Sejarah telah membuktikan bahwa hanya suatu masyarakat yang sumberdaya manusianya merdeka dan bebas saja, yang dapat meningkatkan produktivitasnya dan daya saing mereka.

Perilaku sumberdaya manusia dipengaruhi oleh budaya dan agama masyarakat bersangkutan, yang diperoleh dari kualitas proses pembudayaan. Ketrampilan sumberdaya manusia ditentukan oleh sistem pendidikan, penelitian dan kesempatan bekerja masyarakat bersangkutan pula.

Perilaku dan keterampilan sumberdaya manusia tersebut sangat menentukan kemampuan berpikir, berkarya dan bekerja dengan produktivitas dan daya saing tinggi.

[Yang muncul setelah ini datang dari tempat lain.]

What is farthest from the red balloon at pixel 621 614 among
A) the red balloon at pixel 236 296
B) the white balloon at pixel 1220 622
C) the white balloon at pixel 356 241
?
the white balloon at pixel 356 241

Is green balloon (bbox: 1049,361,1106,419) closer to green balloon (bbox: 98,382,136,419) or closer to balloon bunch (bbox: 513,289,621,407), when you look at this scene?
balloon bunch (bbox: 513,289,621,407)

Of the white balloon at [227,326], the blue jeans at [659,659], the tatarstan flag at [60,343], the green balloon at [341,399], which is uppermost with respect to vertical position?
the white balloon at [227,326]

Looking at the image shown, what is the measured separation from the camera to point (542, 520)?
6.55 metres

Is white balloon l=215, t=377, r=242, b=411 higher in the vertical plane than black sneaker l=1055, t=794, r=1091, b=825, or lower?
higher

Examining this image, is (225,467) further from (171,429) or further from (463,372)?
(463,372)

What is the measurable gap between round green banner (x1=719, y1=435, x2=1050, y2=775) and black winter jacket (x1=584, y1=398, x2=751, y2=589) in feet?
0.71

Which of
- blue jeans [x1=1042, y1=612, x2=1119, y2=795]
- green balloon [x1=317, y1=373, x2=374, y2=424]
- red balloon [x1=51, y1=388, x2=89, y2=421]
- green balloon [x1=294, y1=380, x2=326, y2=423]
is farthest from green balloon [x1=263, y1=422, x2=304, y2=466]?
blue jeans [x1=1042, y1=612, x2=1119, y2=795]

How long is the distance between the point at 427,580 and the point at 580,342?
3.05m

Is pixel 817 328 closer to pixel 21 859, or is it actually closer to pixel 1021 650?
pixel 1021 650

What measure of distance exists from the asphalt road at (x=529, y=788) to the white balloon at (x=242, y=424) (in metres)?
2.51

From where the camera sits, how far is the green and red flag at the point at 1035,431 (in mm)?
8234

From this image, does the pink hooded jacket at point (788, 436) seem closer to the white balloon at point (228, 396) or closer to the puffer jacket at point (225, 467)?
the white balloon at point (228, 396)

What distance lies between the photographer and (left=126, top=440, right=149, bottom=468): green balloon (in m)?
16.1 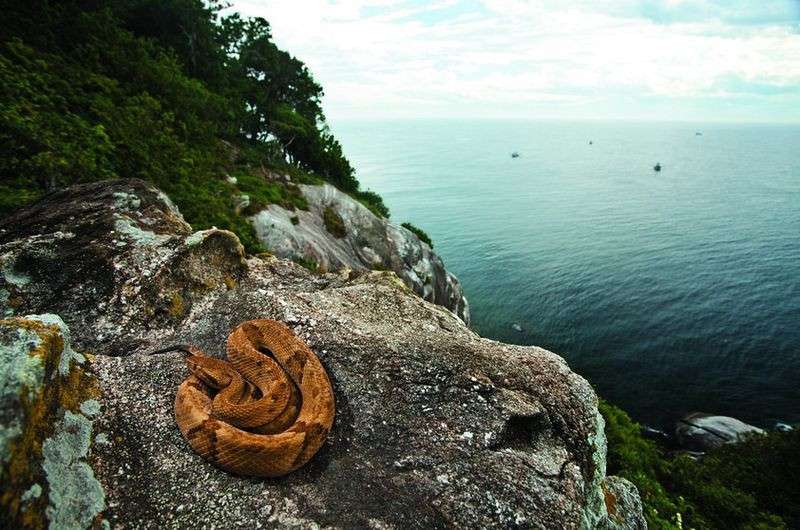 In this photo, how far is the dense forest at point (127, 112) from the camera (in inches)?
517

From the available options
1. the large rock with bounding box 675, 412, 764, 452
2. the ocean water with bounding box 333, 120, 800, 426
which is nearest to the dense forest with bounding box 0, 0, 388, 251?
the ocean water with bounding box 333, 120, 800, 426

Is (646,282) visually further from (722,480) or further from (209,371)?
(209,371)

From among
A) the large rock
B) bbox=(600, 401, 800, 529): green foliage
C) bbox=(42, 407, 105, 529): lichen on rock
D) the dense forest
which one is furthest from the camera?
the large rock

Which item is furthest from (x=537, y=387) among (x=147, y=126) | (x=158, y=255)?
(x=147, y=126)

Dalam proses “globalisasi“ perhatian utama diberikan sekitar mekanisme “jual-beli“ bilateral, multilateral dan global. Mekanisme Pasar yang tadinya didominasi sumberdaya alam dan produk karya nilai tambah dan biaya tambah sumberdaya manusia, maka sekarang diwarnai dengan komoditas baru yang kita kenal sebagai “mata uang“. Arus Informasi yang berlangsung cepat, tidak semua sempurna dan rentan terhadap manipulasi, sehingga akan sulit menghasilkan kebijakan yang tepat, cepat dan berkualitas. Mekanisme pasar dan teori ekonomi yang berlaku perlu disempurnakan!

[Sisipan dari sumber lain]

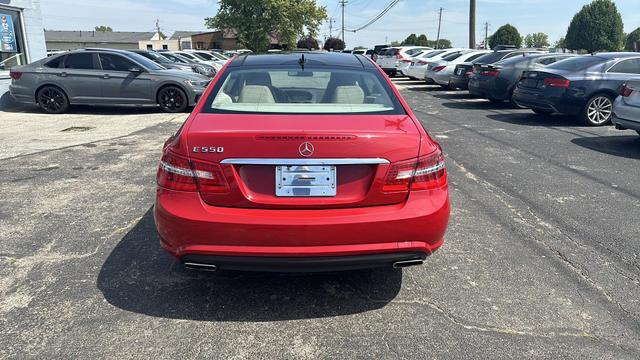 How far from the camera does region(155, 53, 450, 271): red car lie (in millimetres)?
2629

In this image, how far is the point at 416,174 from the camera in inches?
109

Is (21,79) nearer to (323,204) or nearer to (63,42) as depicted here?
(323,204)

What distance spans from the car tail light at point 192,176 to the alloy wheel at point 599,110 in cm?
908

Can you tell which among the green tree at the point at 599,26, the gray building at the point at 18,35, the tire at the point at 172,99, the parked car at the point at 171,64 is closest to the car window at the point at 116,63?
the tire at the point at 172,99

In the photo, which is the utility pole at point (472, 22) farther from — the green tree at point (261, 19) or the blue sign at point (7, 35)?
the green tree at point (261, 19)

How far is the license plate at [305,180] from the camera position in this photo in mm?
2645

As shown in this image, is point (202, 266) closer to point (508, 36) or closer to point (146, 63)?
point (146, 63)

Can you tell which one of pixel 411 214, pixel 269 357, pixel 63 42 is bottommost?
pixel 269 357

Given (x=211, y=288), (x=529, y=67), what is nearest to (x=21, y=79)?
(x=211, y=288)

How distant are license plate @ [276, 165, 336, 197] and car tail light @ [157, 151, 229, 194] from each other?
307 mm

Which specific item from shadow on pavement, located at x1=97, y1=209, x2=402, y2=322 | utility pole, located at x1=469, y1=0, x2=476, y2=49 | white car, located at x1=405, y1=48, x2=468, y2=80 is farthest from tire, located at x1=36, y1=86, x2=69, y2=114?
utility pole, located at x1=469, y1=0, x2=476, y2=49

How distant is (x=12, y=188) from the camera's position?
5469 mm

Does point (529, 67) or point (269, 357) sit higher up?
point (529, 67)

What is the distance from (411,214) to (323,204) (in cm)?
50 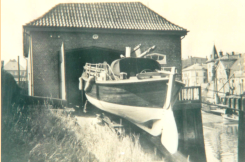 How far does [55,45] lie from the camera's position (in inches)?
467

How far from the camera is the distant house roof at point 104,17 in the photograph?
11953 mm

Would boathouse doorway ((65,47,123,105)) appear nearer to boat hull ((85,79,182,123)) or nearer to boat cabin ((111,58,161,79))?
boat cabin ((111,58,161,79))

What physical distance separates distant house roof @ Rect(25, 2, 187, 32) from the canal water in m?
7.93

Melalui proses globalisasi tanpa disadari negara berkembang – termasuk Indonesia — telah menjual modal sumberdaya alam perkebunan dan pertambangan yang dimiliki, yang dibayar dengan mengimpor produk yang tidak dibuat sendiri!

Pertanyaan-pertanyaan yang harus kita jawab adalah:

* Bagaimana nasib masyarakat, yang tanpa disadari menkonsumsi produksi negara lain?

* Bagaimana sumberdaya manusia dapat berkembang dan menjadi unggul jikalau karya dan produksinya tidak dibina sedini mungkin dan harus bersaing dengan produksi masyarakat lain yang telah menikmati insentip pembinaan dan pengembangan oleh masyarakatnya sendiri?

* Bagaimana membiayai proses pembudayaan dan pendidikan sumberdaya manusia jika modal sumberdaya alam sudah dikuasai oleh jaringan investor negara lain?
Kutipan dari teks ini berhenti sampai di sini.